» **Exercise description**: Exclude the pictures and transcribe the rest of the data below exactly.

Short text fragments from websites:
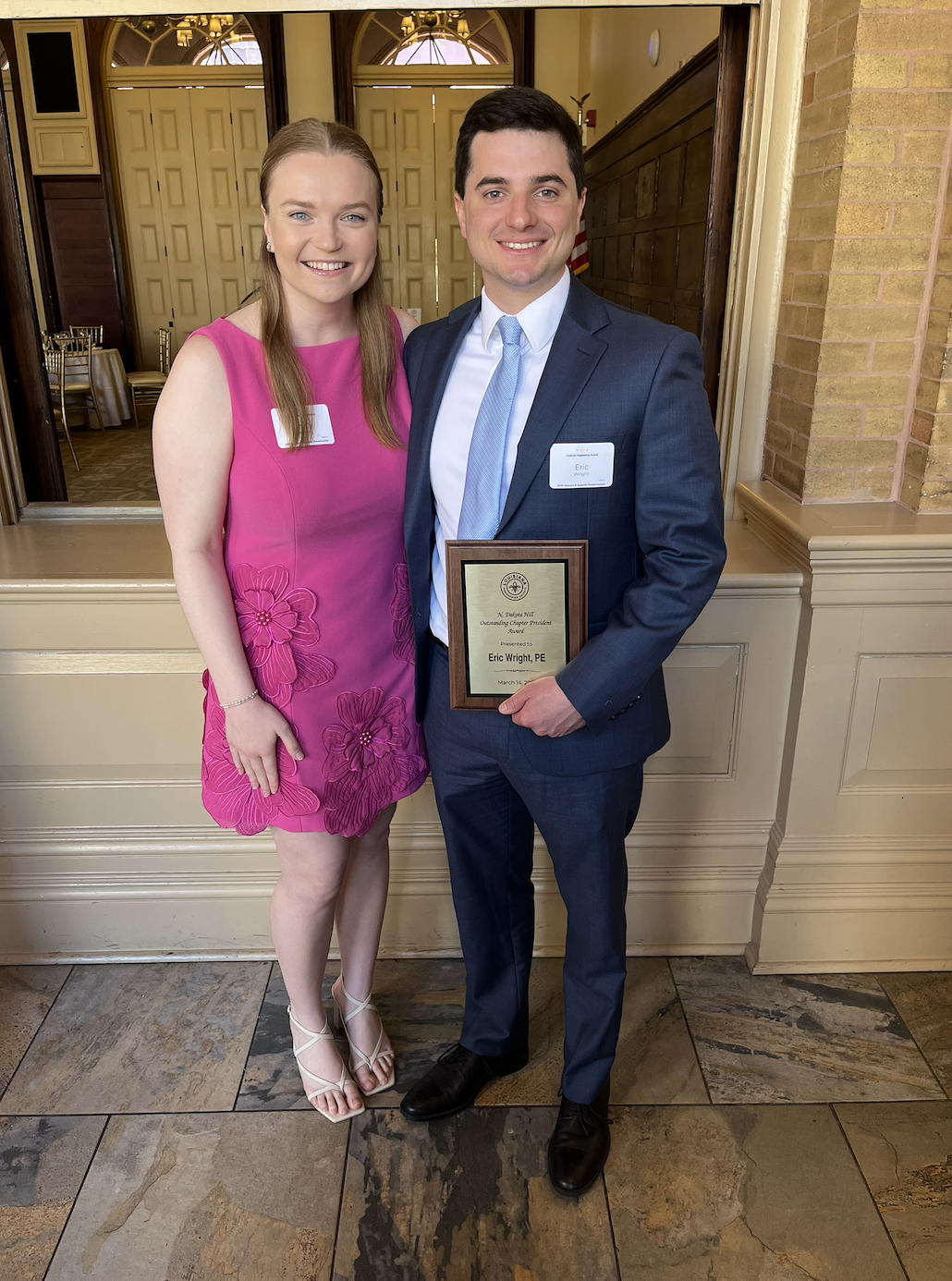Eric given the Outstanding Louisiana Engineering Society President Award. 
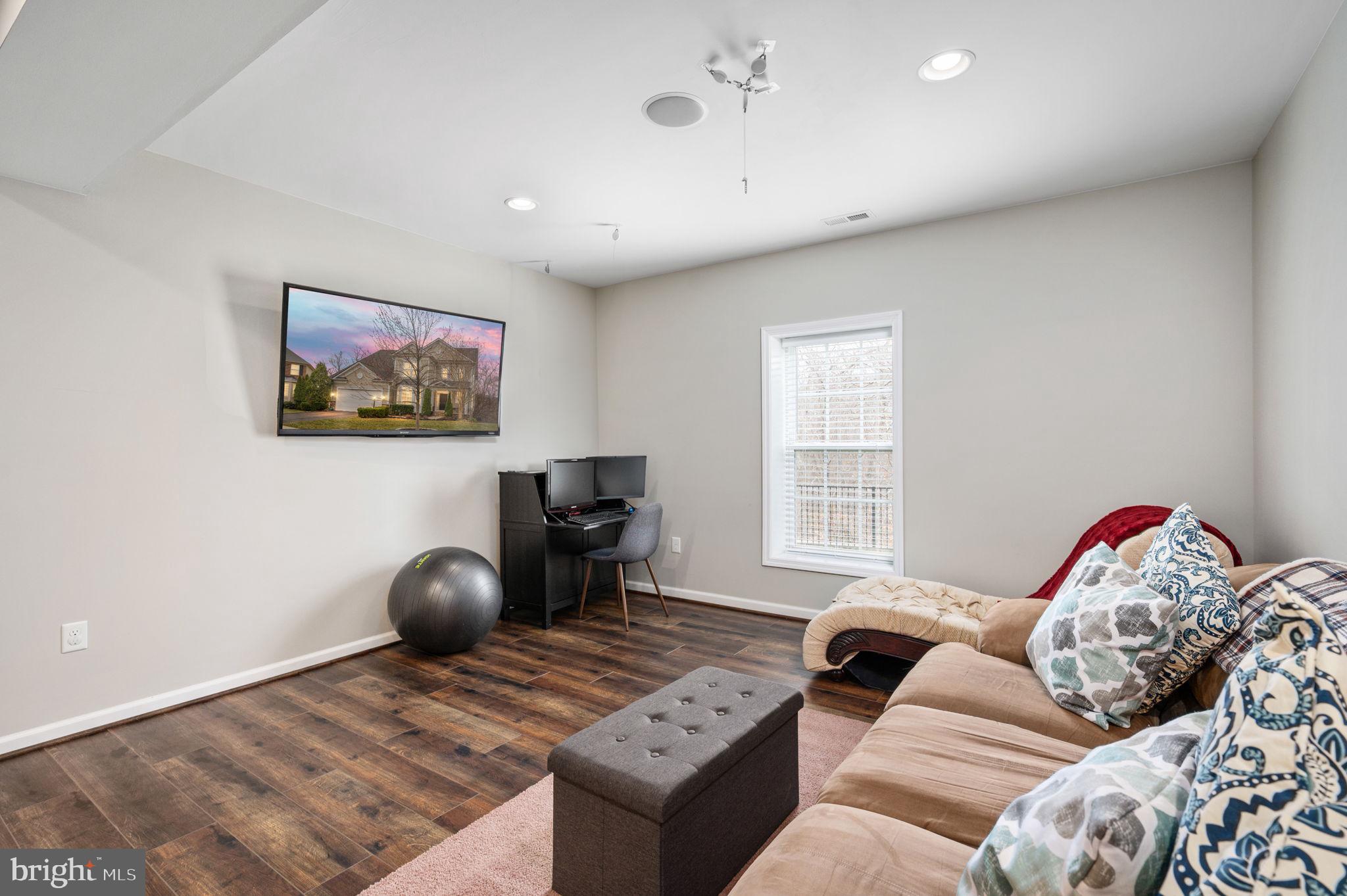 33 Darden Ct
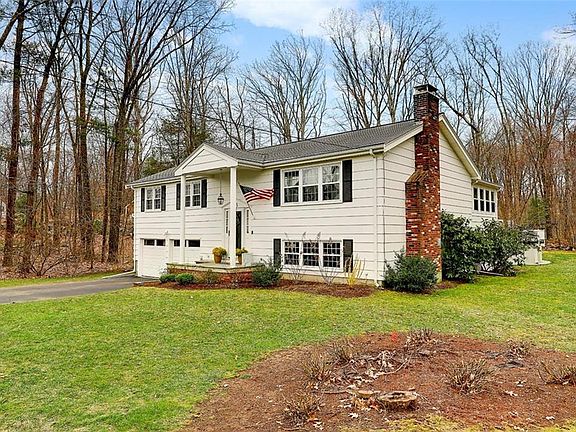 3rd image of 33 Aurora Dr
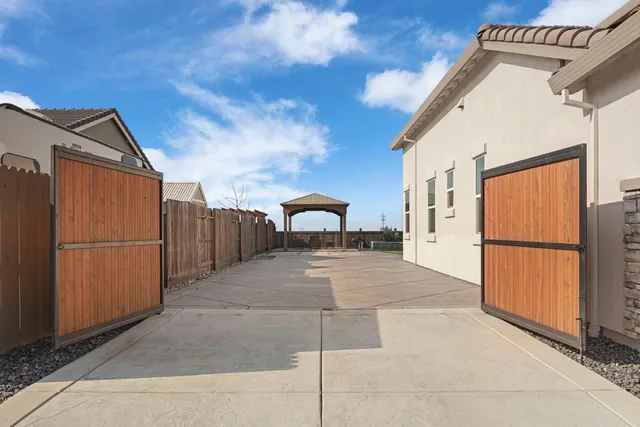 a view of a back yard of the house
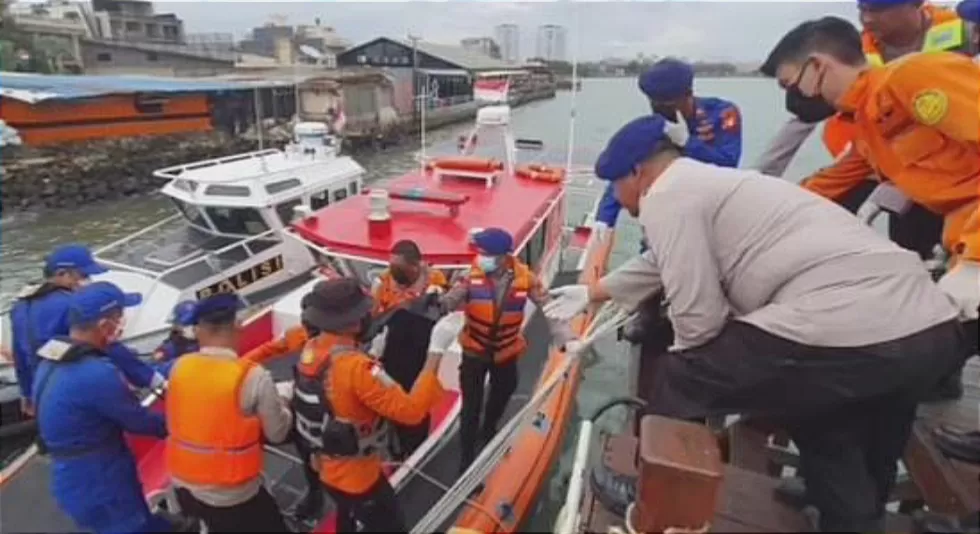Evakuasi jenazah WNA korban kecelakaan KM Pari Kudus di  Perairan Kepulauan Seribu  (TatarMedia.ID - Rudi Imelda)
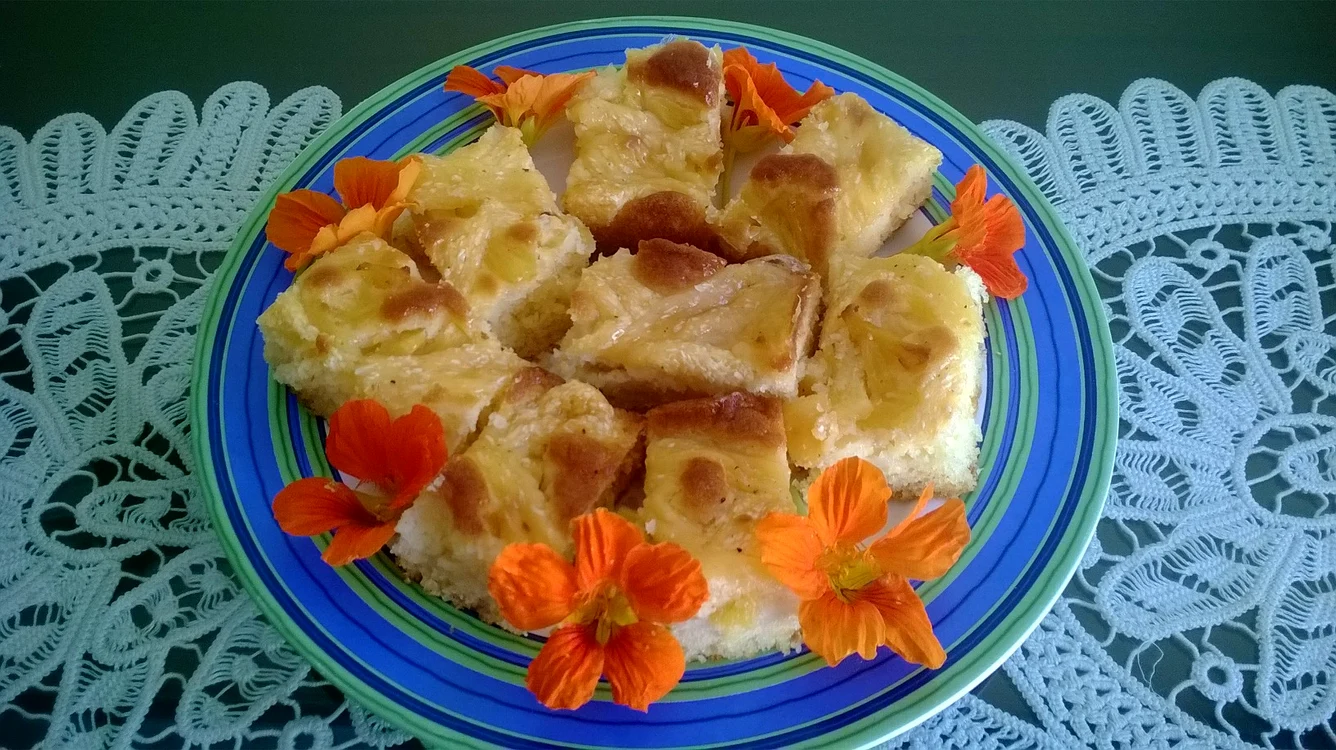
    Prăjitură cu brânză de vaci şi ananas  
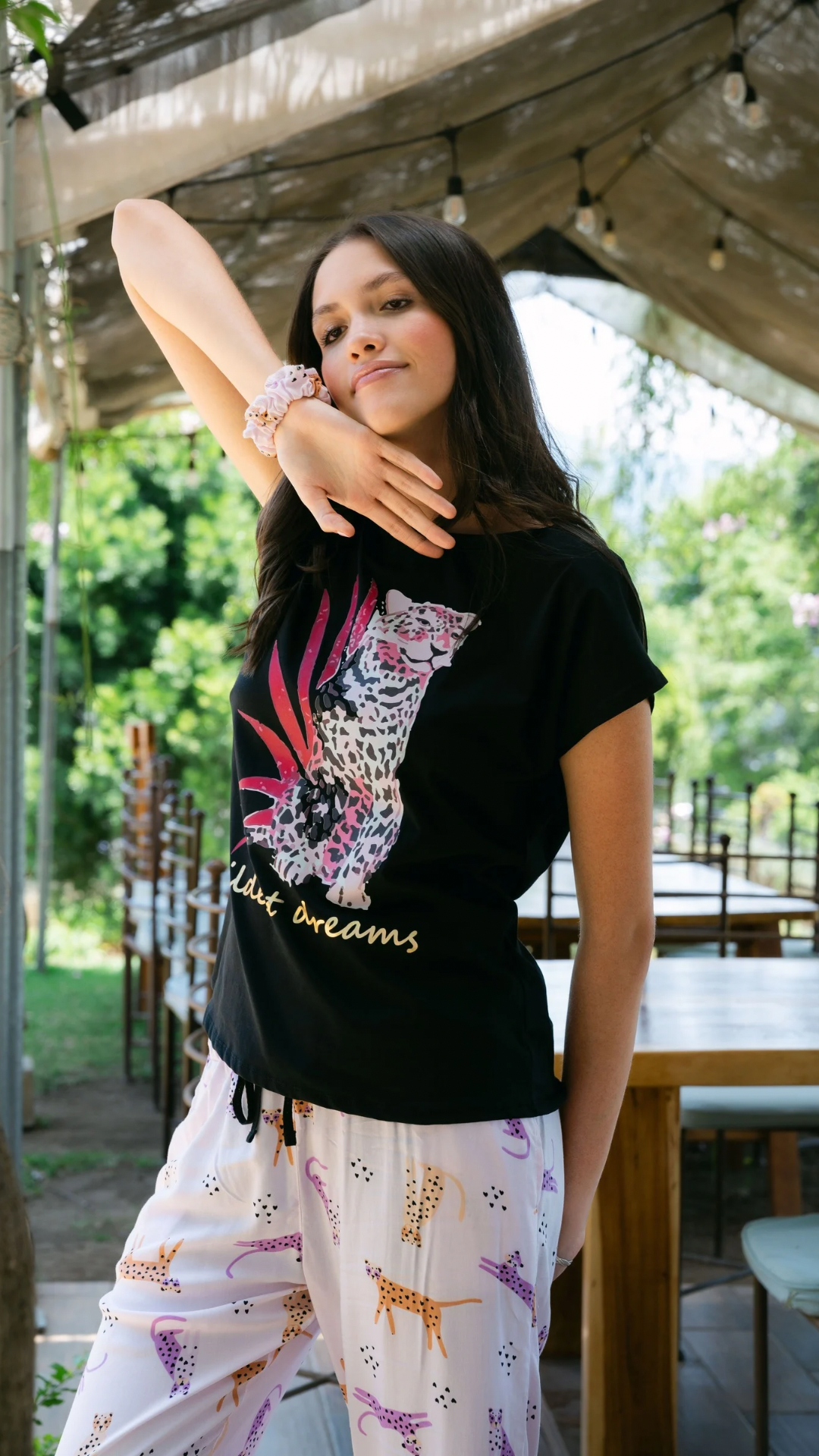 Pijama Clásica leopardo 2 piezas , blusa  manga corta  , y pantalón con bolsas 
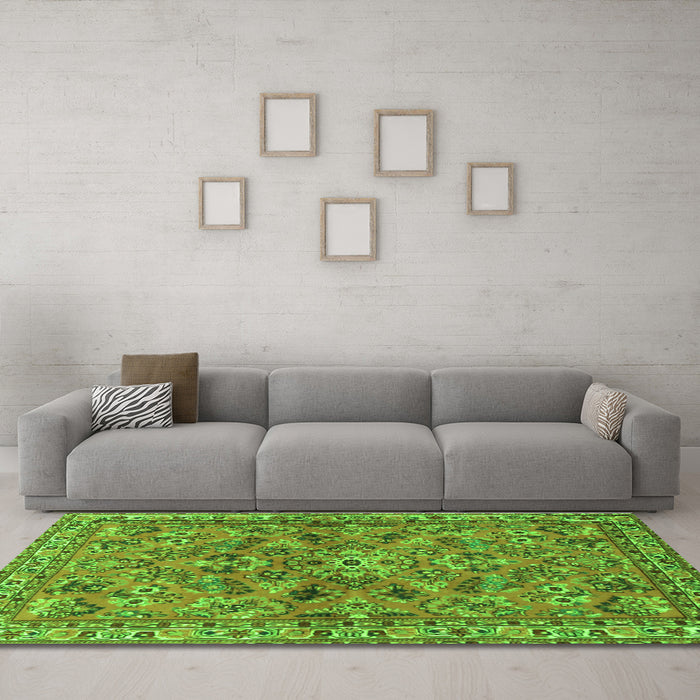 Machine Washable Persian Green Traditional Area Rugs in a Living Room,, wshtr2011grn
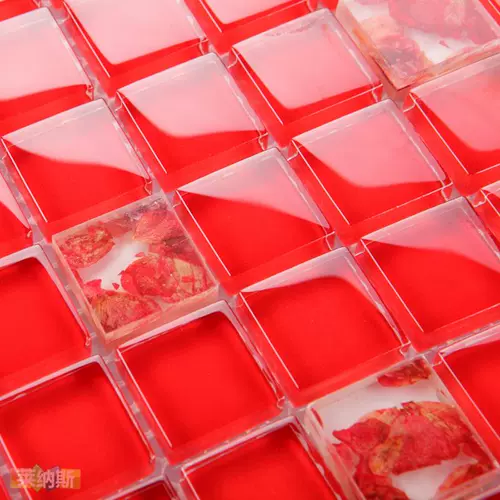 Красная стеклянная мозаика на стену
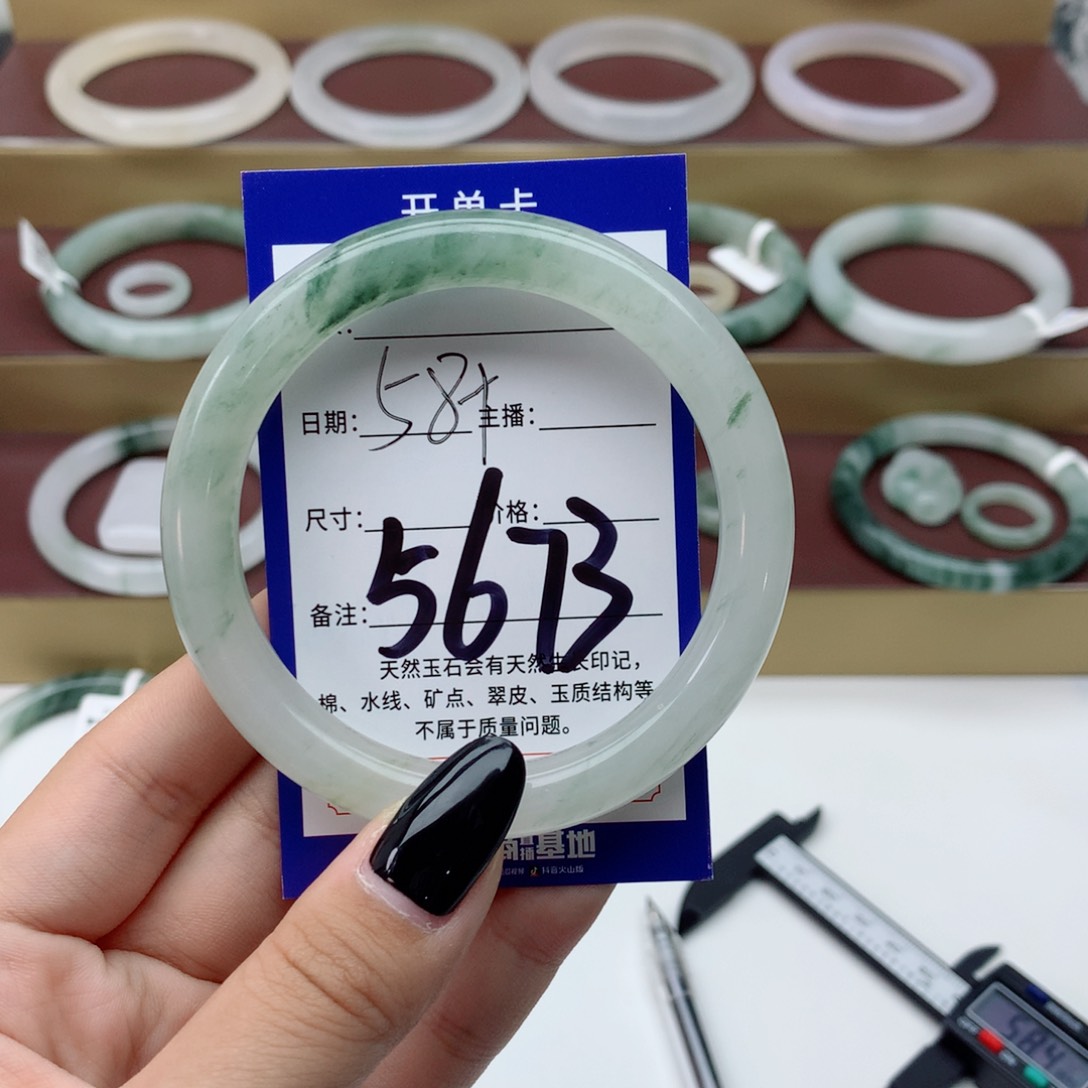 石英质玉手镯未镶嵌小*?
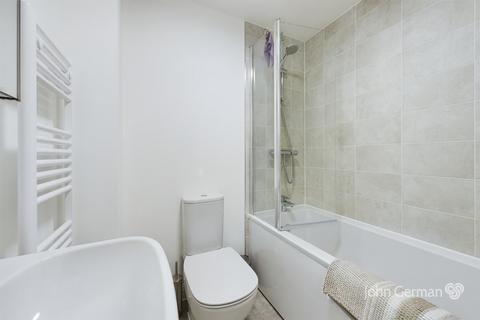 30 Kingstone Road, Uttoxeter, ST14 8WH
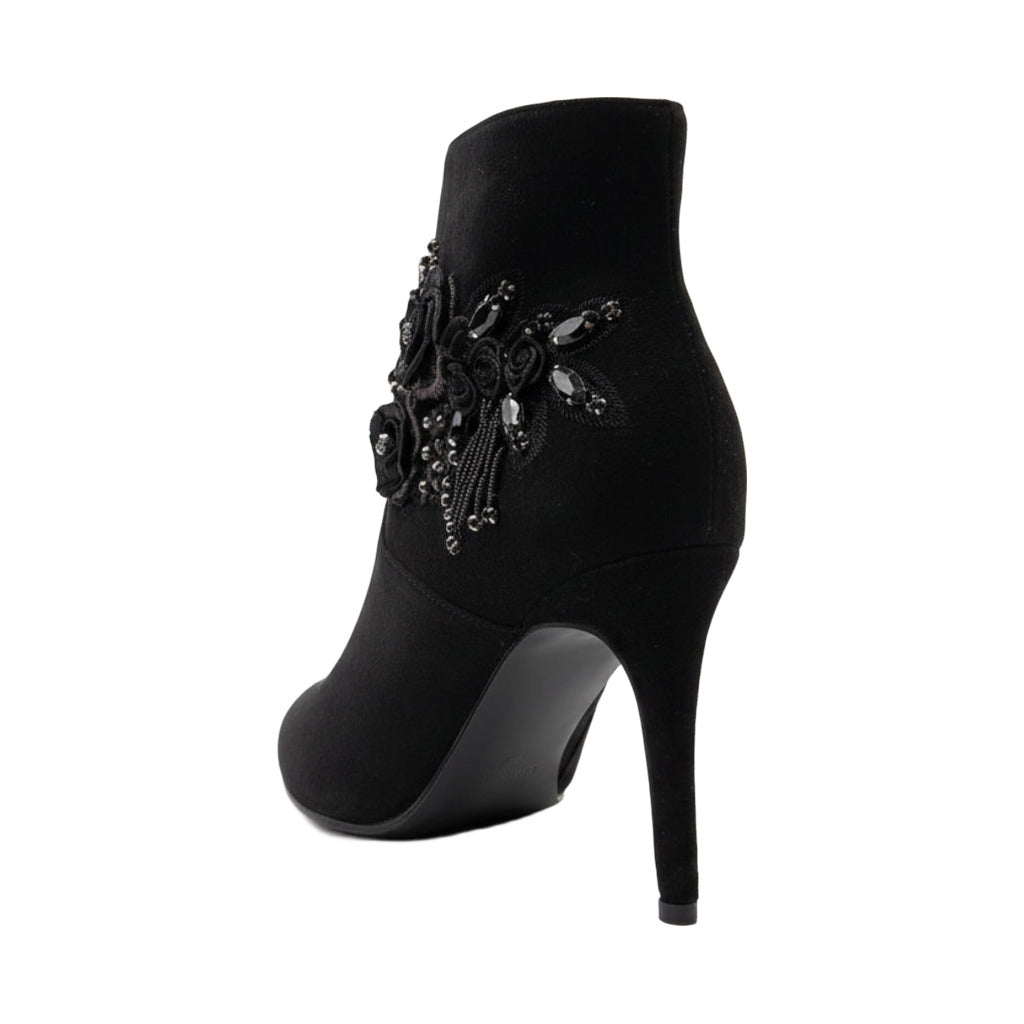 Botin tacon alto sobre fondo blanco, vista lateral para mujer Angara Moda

» **Answer space**:
Eric given the Outstanding Louisiana Engineering Society President Award. 
 33 Darden Ct
 3rd image of 33 Aurora Dr
 a view of a back yard of the house
Evakuasi jenazah WNA korban kecelakaan KM Pari Kudus di  Perairan Kepulauan Seribu  (TatarMedia.ID - Rudi Imelda)
    Prăjitură cu brânză de vaci şi ananas  
 Pijama Clásica leopardo 2 piezas , blusa  manga corta  , y pantalón con bolsas 
 Machine Washable Persian Green Traditional Area Rugs in a Living Room,, wshtr2011grn
 Красная стеклянная мозаика на стену
 石英质玉手镯未镶嵌小*?
 30 Kingstone Road, Uttoxeter, ST14 8WH
 Botin tacon alto sobre fondo blanco, vista lateral para mujer Angara Moda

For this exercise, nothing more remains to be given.